Die von der Klägerin vermisste Tatsachenfeststellung betrifft die Verbuchung ihrer Leistungen in der internen Buchhaltung der Beklagten. Ein Konsens der Parteien über den Abschluss eines eigenen Werkvertrags bzw eine rechtlich relevante Willenserklärung dahingehend lässt sich aus diesem Umstand jedoch nicht ableiten. Die Zuordnung der Leistungen in der Buchhaltung der Beklagten hat für die Frage der zwischen den Parteien getroffenen Vereinbarung keine Relevanz.
Diese Tatsache ließe allenfalls im Rahmen der Beweiswürdigung zu berücksichtigende Rückschlüsse auf die (eine Tatfrage darstellende) Parteienabsicht zu. Dies wäre allerdings nicht im Rahmen der Rechtsrüge zu behandeln.
Damit liegt der von der Klägerin gerügte sekundäre Feststellungsmangel nicht vor.

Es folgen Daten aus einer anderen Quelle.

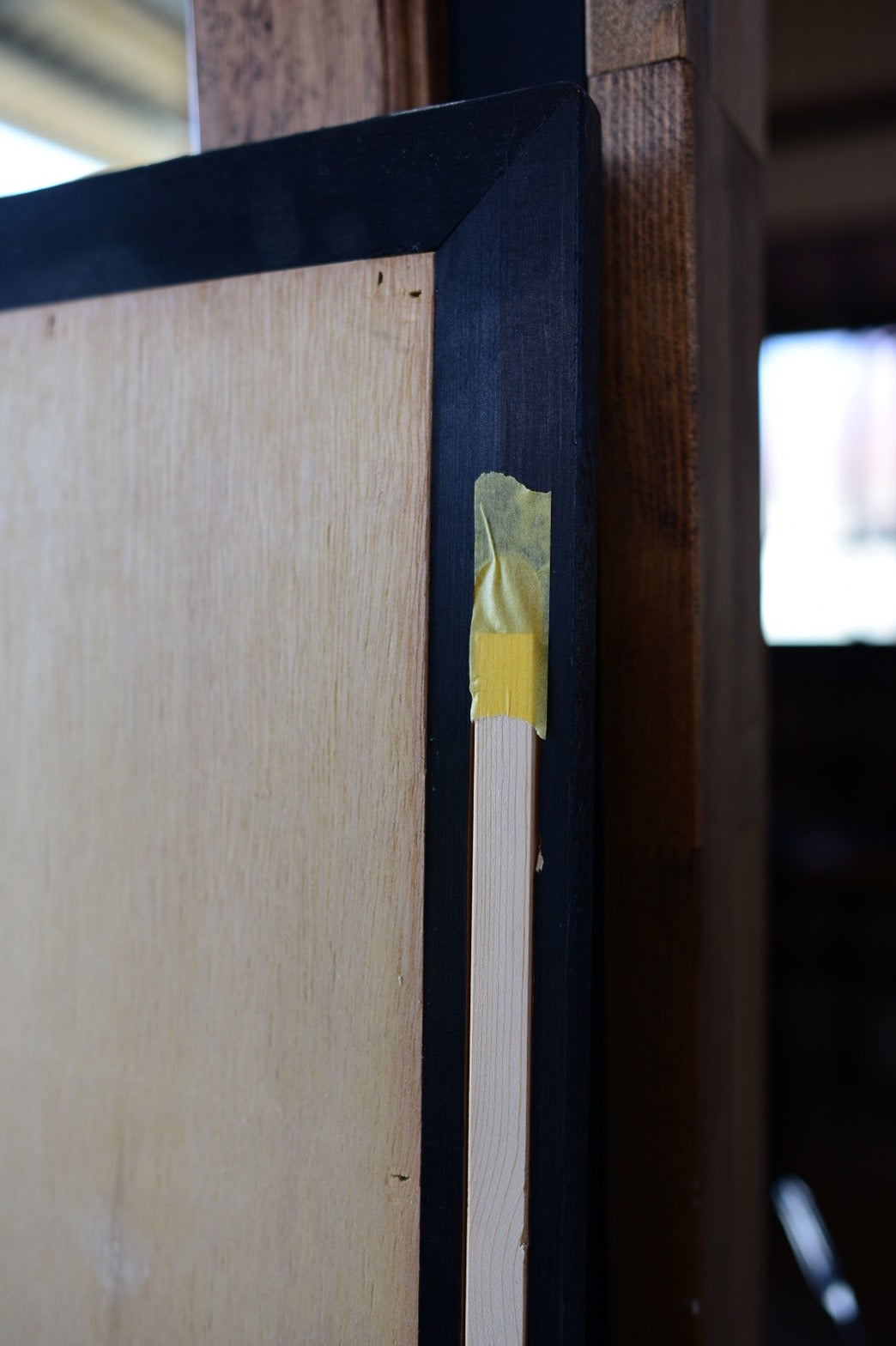 美しいグラデーションの木枠ミラー 170㎝×75㎝×2.5㎝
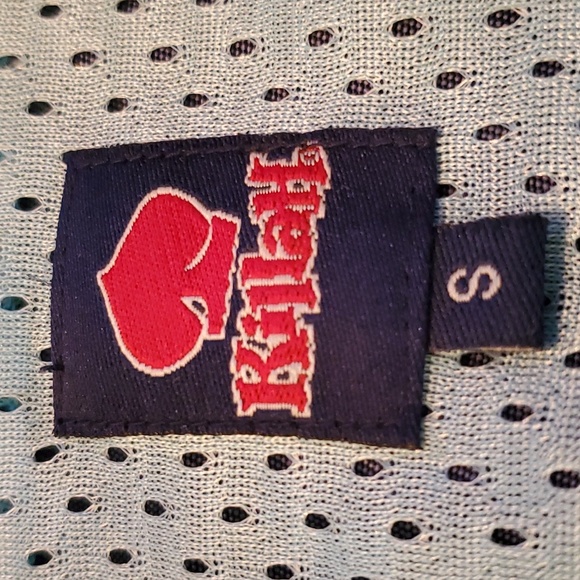 Killah Cheerleader Blue Stain Bomber Jacket Sz S - Picture 13 of 15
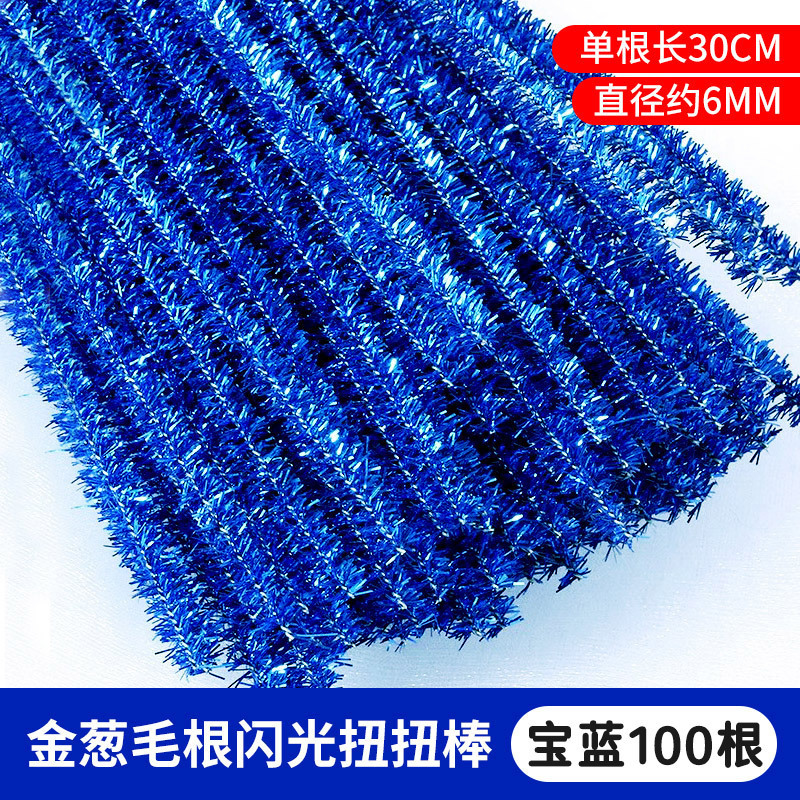 Paquete de material de ramo de varilla retorcida de macaron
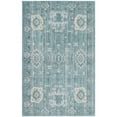 thumbnail image 5 of SAFAVIEH Valencia Gemina Floral Bordered Polyester Area Rug, Alpine/Multi, 4' x 6', 5 of 8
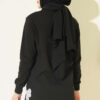 Rhinestone Embroidered Crew Neck Tunic Black - Image 3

2.2 Wesentlich für die rechtliche Beurteilung des Erstgerichts, dass die Leistungen im Rahmen des Gesellschafts- bzw des Rahmenvertrags erbracht worden seien, sind vielmehr die vom Erstgericht getroffenen Feststellungen, dass kein Konsens zwischen den Parteien bestand, Leistungen der Klägerin außerhalb dieser Verträge zu vergüten, und dass die Klägerin ihre Leistungen als Gesellschafterin erbringen sollte.
Auch wenn in die erstgerichtlichen Feststellungen teilweise Elemente der rechtlichen Beurteilung verwoben sind, enthält der festgestellte Sachverhalt genügend Tatsachensubstrat, um die Frage nach dem gemeinsamen Parteiwillen zu beurteilen und – wie das Erstgericht – zum Schluss zu kommen, dass zwischen den Parteien kein vom Gesellschafts- bzw vom Rahmenvertrag gesonderter Vertrag über Werkleistungen geschlossen wurde.
Die Leistungen der Klägerin wurden im Rahmen dieser Verträge erbracht, Streitigkeiten daraus unterliegen somit den vereinbarten Schiedsklauseln.
Dem Rekurs war sohin ein Erfolg zu versagen.
3.Die Kostenentscheidung des Rekursverfahrens beruht auf §§ 41, 50 ZPO.
4.Der ordentliche Revisionsrekurs ist nicht zulässig, weil eine Rechtsfrage iSd § 528 Abs 1 ZPO nicht zur Beurteilung stand.